My 5 year daughter has enjoyed getting involved with the pedal builds, especially coming up with design ideas. I first threw her design control over my Abyss build. Her brief was "glitter and unicorns" So we came up with this. ?




She wanted to do another design so I gave her charge of my Spirit Box build. She picked out the knobs, LED and enclosure colour and gave me the artwork brief of "Fairies" so we sat down at the computer and looked through images, most of which I just could not bring myself to have on a pedal. So I gently steered her in the direction of doing a Fairy door like the one she has in her room to write letters to the Fairies.
We came up with this that kind of fits into the whole Spirit Box name. The fairies live inside the pedal making the wonderful sounds.

The pedal itself....
What a beautiful ambient maker. My first time using a Belton brick and man is the sound lovely for over the top atmosphere.
I took the suggestion of using an internal trimpot on R4 to adjust the pedal volume. I think it was a 20K trimmer and would have been at around 17-18K for unity volume. The trimpot board on PedalPCB is great for it.

So yeah, now I rock Unicorn & Fairies on my pedalboard ?


----------



## BurntFingers (Dec 8, 2019)

I didn't know I needed some pink LEDs until now. 

I had the spirit box in my cart but couldn't find the brick at tayda so didn't go through with it. Where did you find yours?


----------



## Many__Of__Horror (Dec 8, 2019)

BurntFingers said:


> I didn't know I needed some pink LEDs until now.
> 
> I had the spirit box in my cart but couldn't find the brick at tayda so didn't go through with it. Where did you find yours?
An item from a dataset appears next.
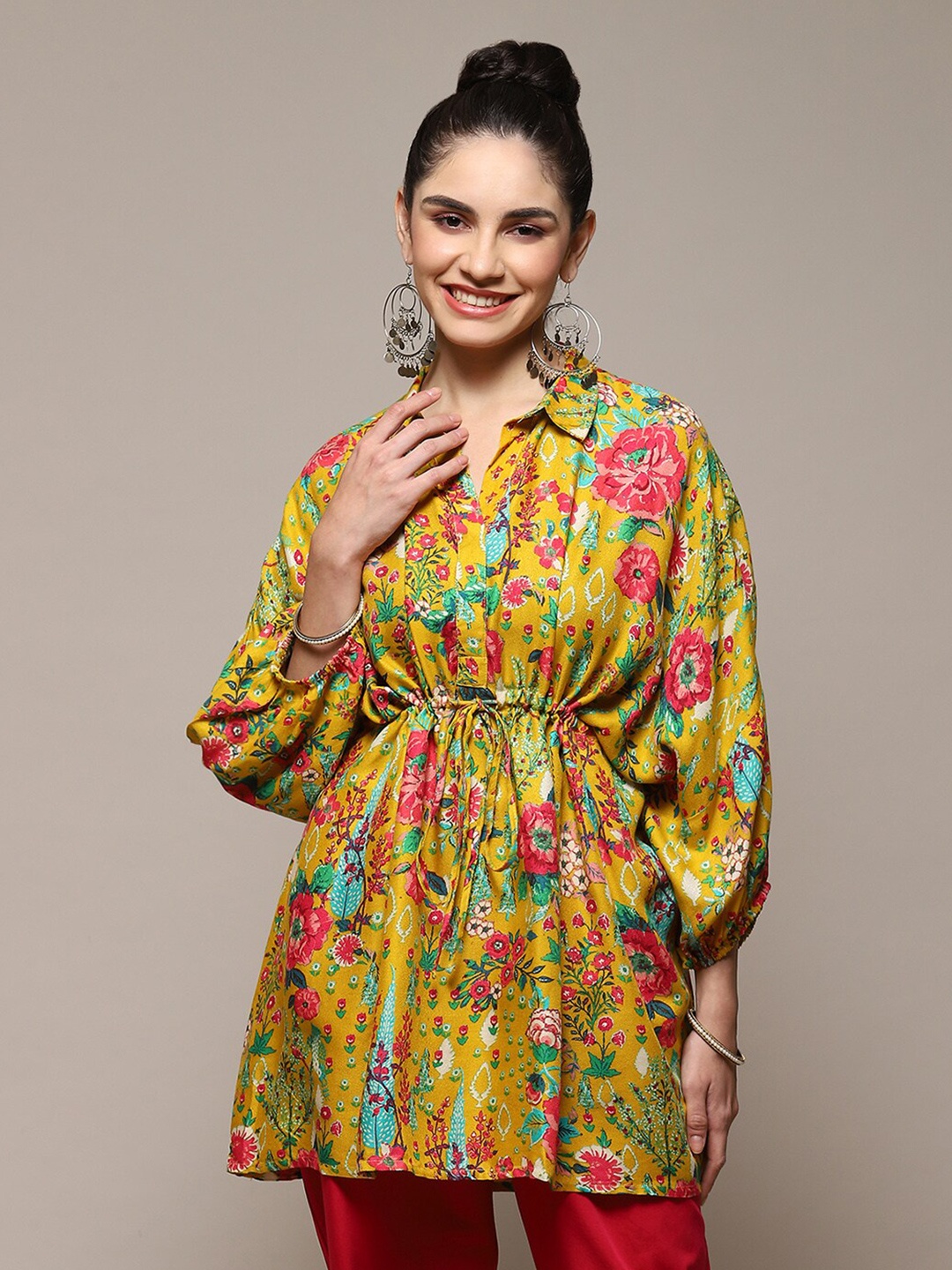 

Biba Floral Printed Shirt Collar Puff Sleeves Longline Kaftan Top, Mustard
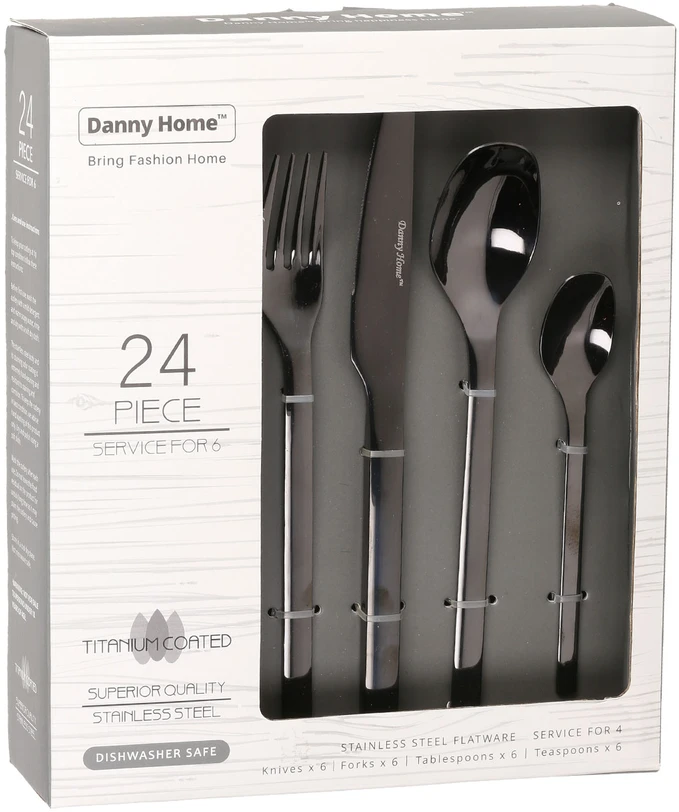 Home4You Stalo įrankiai DUNE 24vnt, juodi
Not sure where you are, but there are quite a few places selling them out there, just do a search for BTDR-2H (Long) and you should find one. Otherwise Small Bear have them.








						Belton BTDR-2H Reverb Modules
					

Small Bear Electronics DIY Parts




					smallbear-electronics.mybigcommerce.com


----------



## BurntFingers (Dec 8, 2019)

New Zealand is good for a lot of things. It is not so good for sourcing Belton bricks.


----------



## Many__Of__Horror (Dec 8, 2019)

BurntFingers said:


> New Zealand is good for a lot of things. It is not so good for sourcing Belton bricks.


Should have known you'd be close by at this time of the day. Pedal Parts Australia has the medium version. He may be able to source it. But if you are getting a bunch of parts from Small Bear may work out similar pricing etc.





						BTDR-2H REVERB MODULE - MEDIUM [ICSN0012] - $39.00 : Pedal Parts Australia, DIY Guitar & Effect Pedal Parts
					

Pedal Parts Australia BTDR-2H REVERB MODULE - MEDIUM [ICSN0012] - DETAILS: ACCUTRONICS BTDR-2H REVERB MODULE - MEDIUM HORIZONTAL MOUNT MEDIUM REVERB - 2.5s STEREO OUTPUTS (can be summed for mono)




					www.pedalpartsaustralia.com


----------